To do
Copy out exactly the lines beginning with the one that contains "Vista 10 de" and ending at the last line of the listing, skipping any pictures.
Top of Extracted entries
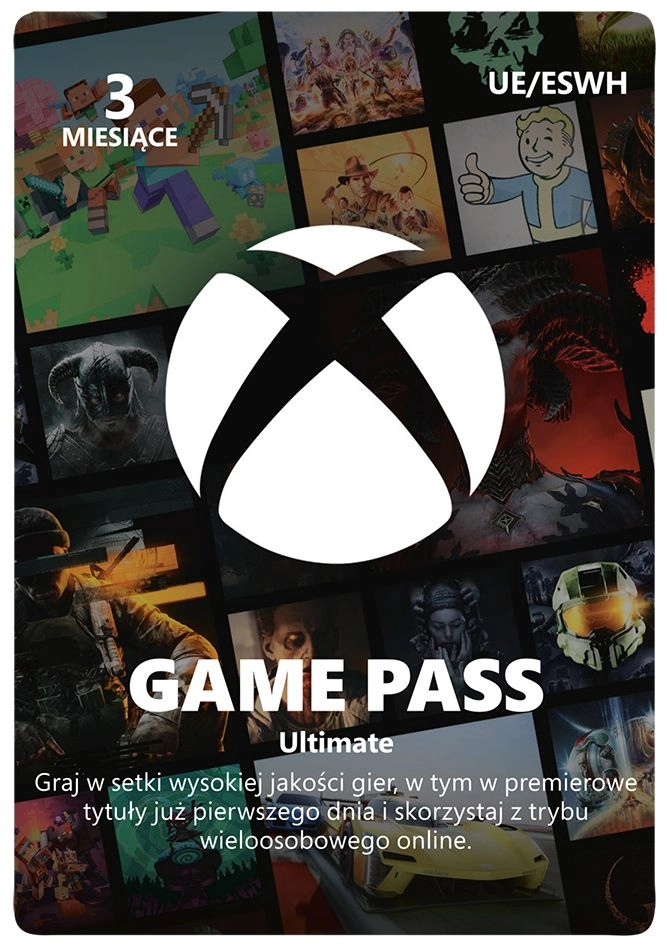 Subskrypcja Xbox Game Pass Ultimate 3 miesiące [kod aktywacyjny]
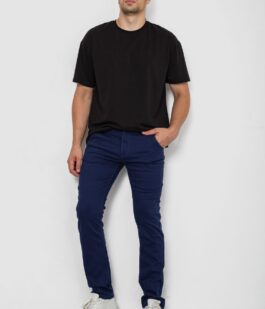 Брюки мужские классические стрейч, цвет синий, 244RF809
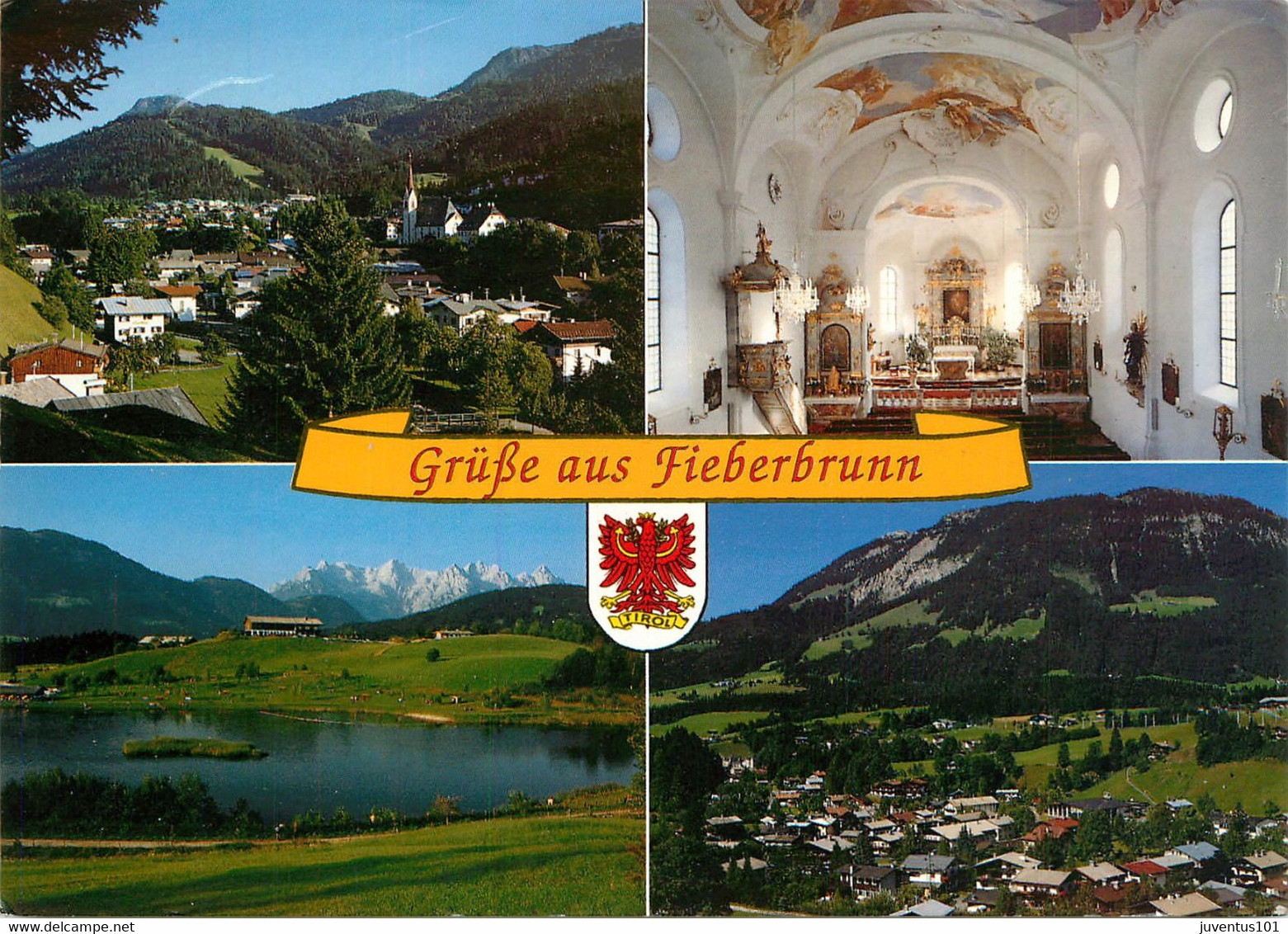 CPSM UrlaubsgrüBe Aus Fieberbrunn-Tirol    L1339 - Fieberbrunn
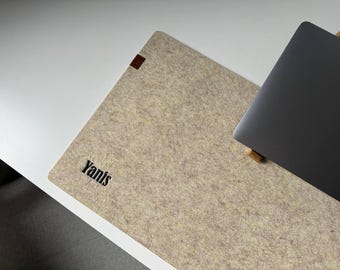 Felt Desk Mat, Personalized Desk Mat, Desk Decor Aesthetic, Desk Mat Cute, Custom Felt Desk Mat, Keyboard Pad, Large Desk Pad, Custom Gift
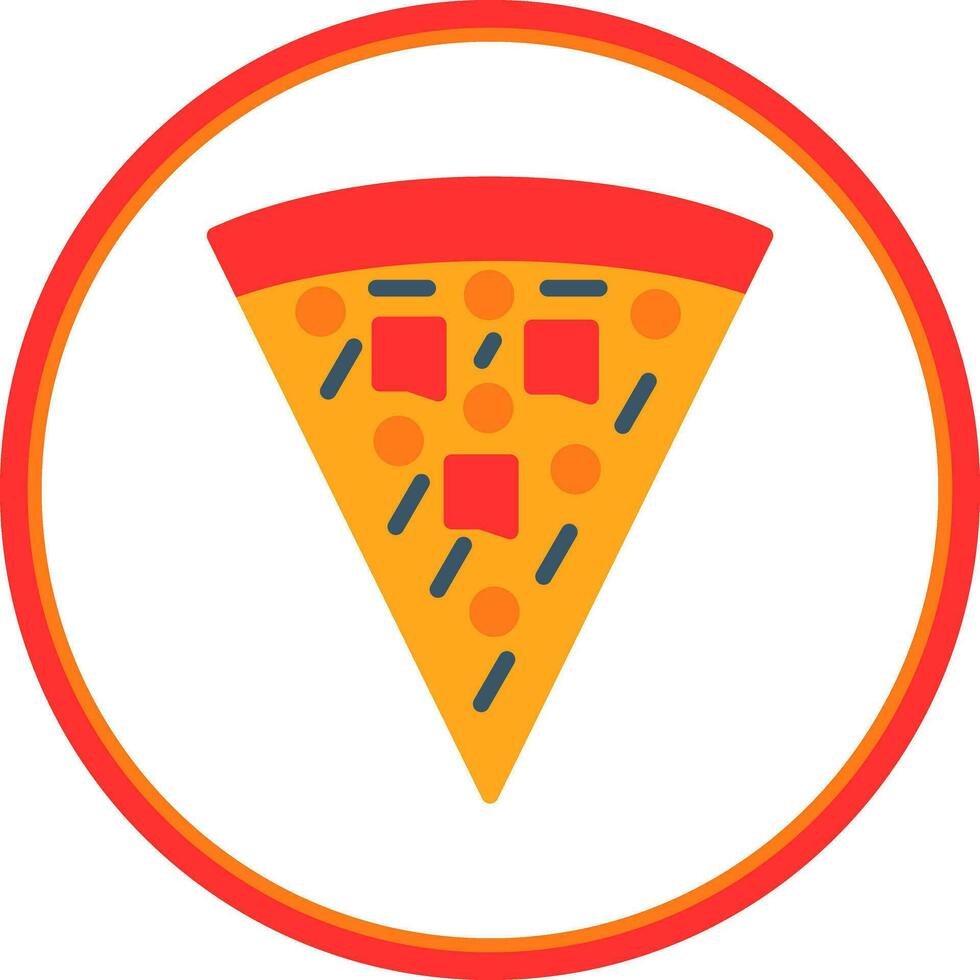 diseño de icono de vector de pizza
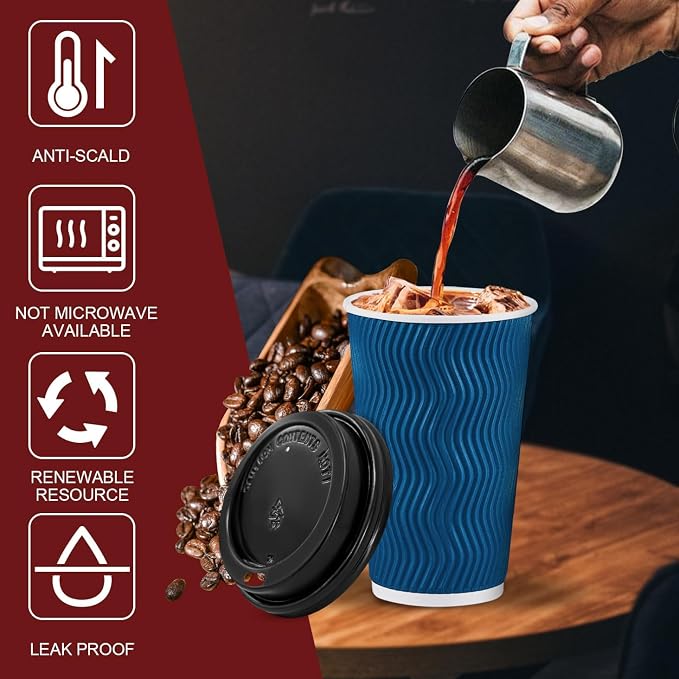 Lamosi 100 Pack Coffee Cups - Image 3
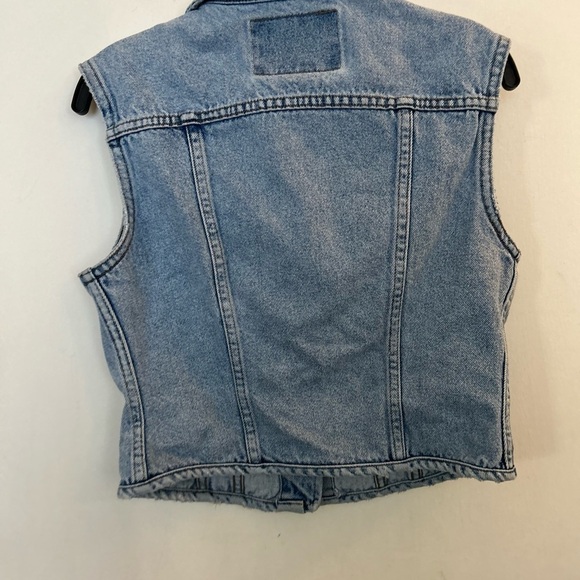 Faconnable Jackets & Coats | Faconnable -
Denim Vest Small 100% cotton - Picture 2 of 5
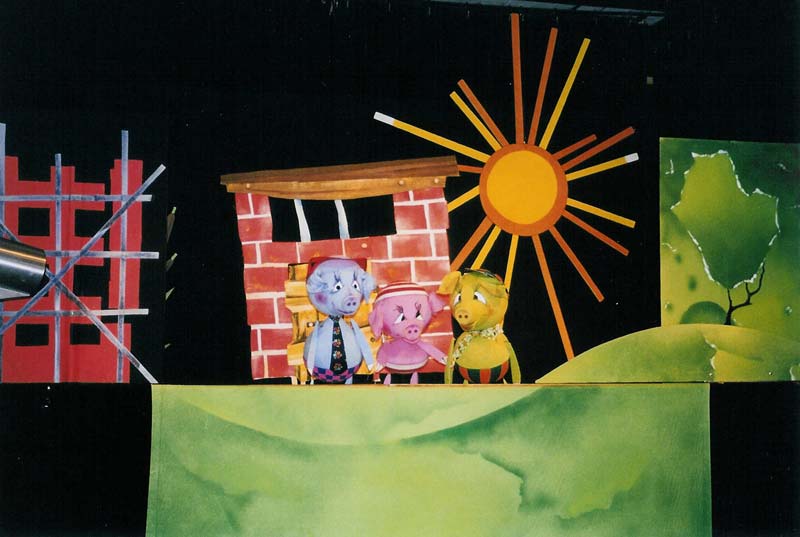 Die drei kleine Schweinchen - Puppentheater Glöckchen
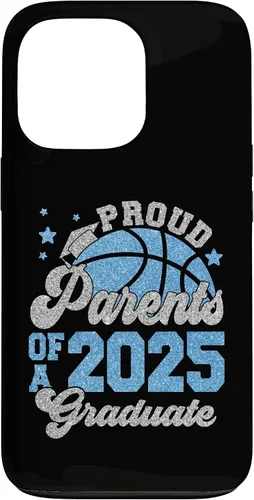 Vista 10 de iPhone 16 Parents of a 2025 Graduate Senior Graduation Basketball Case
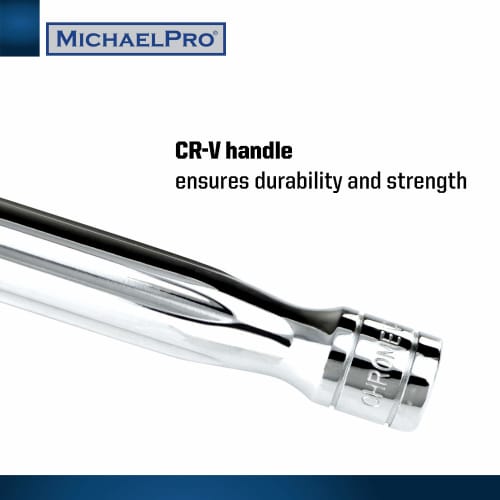 MichaelPro MP007001 3/8" Drive Flex Handle/Breaker Bar for Extra Torque
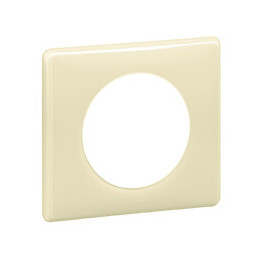 Plaque Céliane - Laqué Ivoire - 1 poste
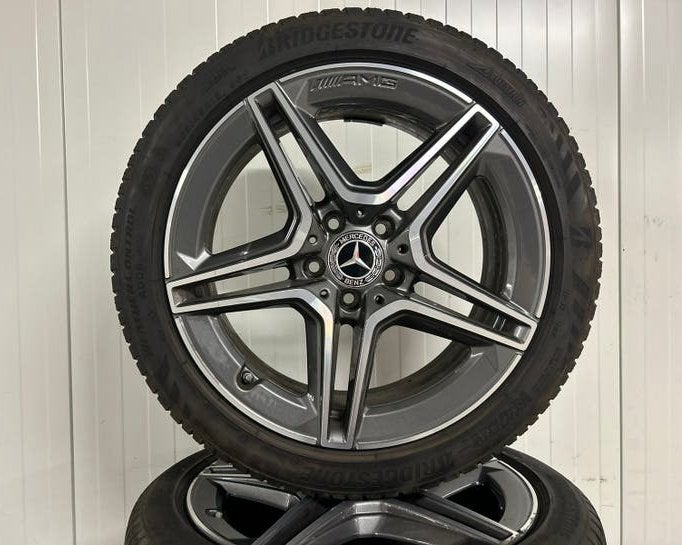 Originele Mercedes AMG C-klasse W205 breedset allseason, Ophalen, 18 inch, Gebruikt, Banden en Velgen
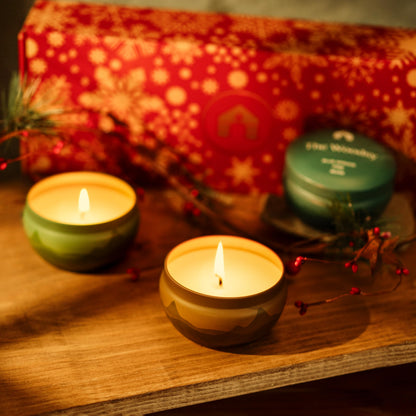 Bluecorn Aromática Scented Candle Tin, Sagebrush, Bergamont & Eucalyptus, Vegan Coconut Wax, Clean Burning & Long Lasting Candle, Room Decor, Gifts for Women and Men, Made in USA, 8 Oz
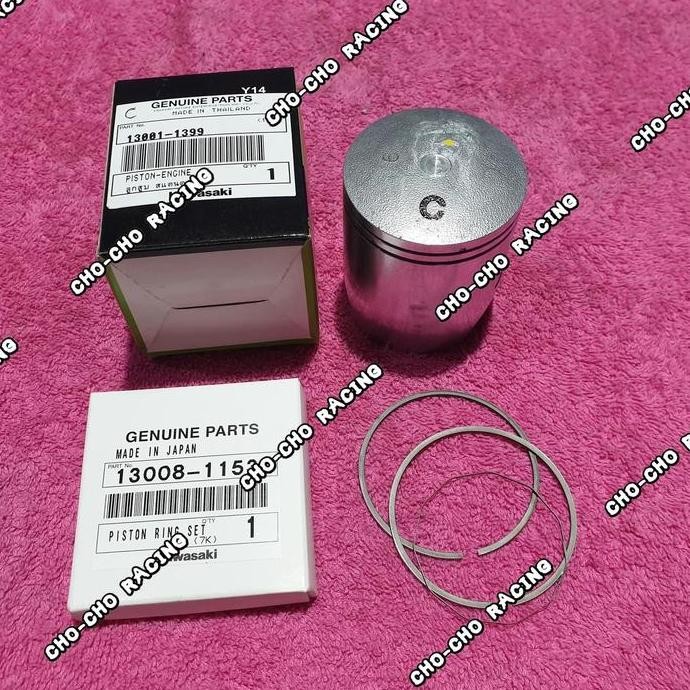 PISTON SEHER + RING KODE C NINJA 150 R RR ORIGINAL KAWASAKI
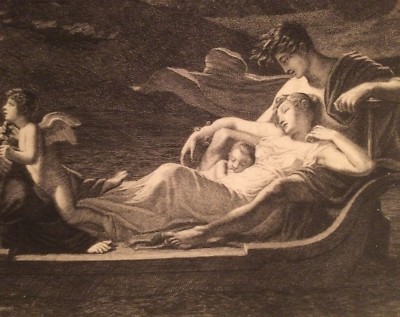 Arte Antica: Incisione Le Reve De Bonheur, Constance Mayer, Gaujean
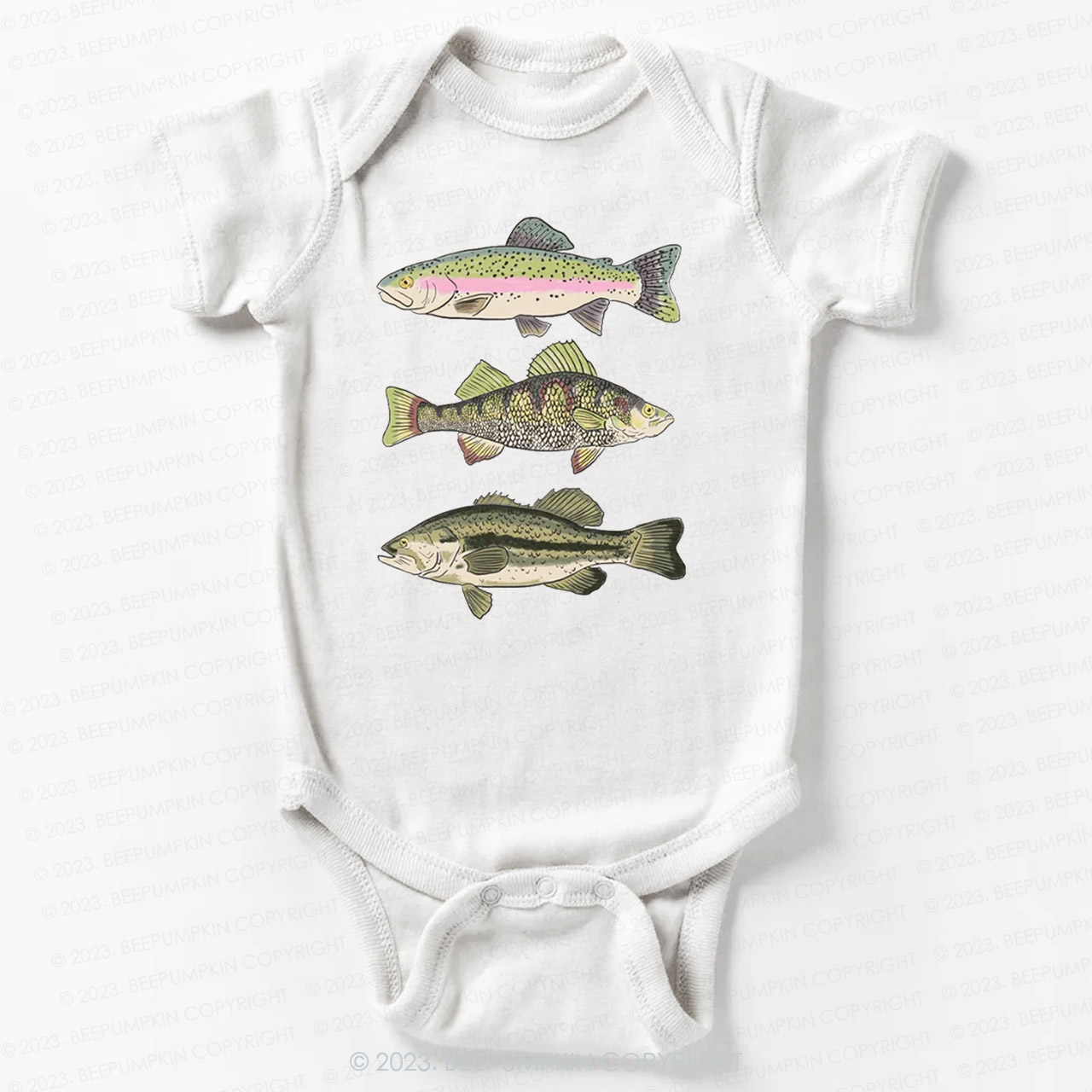 Summer Fishing Top Bodysuit For Baby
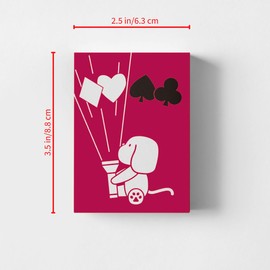 YOCEAN 2 pcs Kawaii Cat&Dog Playing Cards, 54 Different Pattern Playing Cards for Party, Casual Games Poker Cards, Gift Collection，3.5 × 4.5inches (Pink)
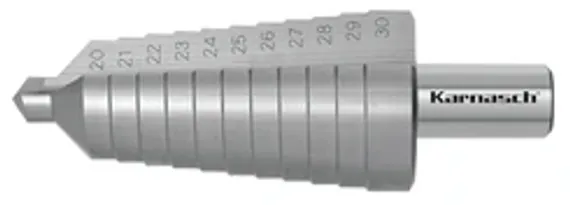 Ступенчатое сверло Ø 4-20 мм, Karnasch, арт. 21.3031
Bottom of Extracted entries
Problem solution
 Vista 10 de iPhone 16 Parents of a 2025 Graduate Senior Graduation Basketball Case
 MichaelPro MP007001 3/8" Drive Flex Handle/Breaker Bar for Extra Torque
 Plaque Céliane - Laqué Ivoire - 1 poste
 Originele Mercedes AMG C-klasse W205 breedset allseason, Ophalen, 18 inch, Gebruikt, Banden en Velgen
 Bluecorn Aromática Scented Candle Tin, Sagebrush, Bergamont & Eucalyptus, Vegan Coconut Wax, Clean Burning & Long Lasting Candle, Room Decor, Gifts for Women and Men, Made in USA, 8 Oz
 PISTON SEHER + RING KODE C NINJA 150 R RR ORIGINAL KAWASAKI
 Arte Antica: Incisione Le Reve De Bonheur, Constance Mayer, Gaujean
 Summer Fishing Top Bodysuit For Baby
 YOCEAN 2 pcs Kawaii Cat&Dog Playing Cards, 54 Different Pattern Playing Cards for Party, Casual Games Poker Cards, Gift Collection，3.5 × 4.5inches (Pink)
 Ступенчатое сверло Ø 4-20 мм, Karnasch, арт. 21.3031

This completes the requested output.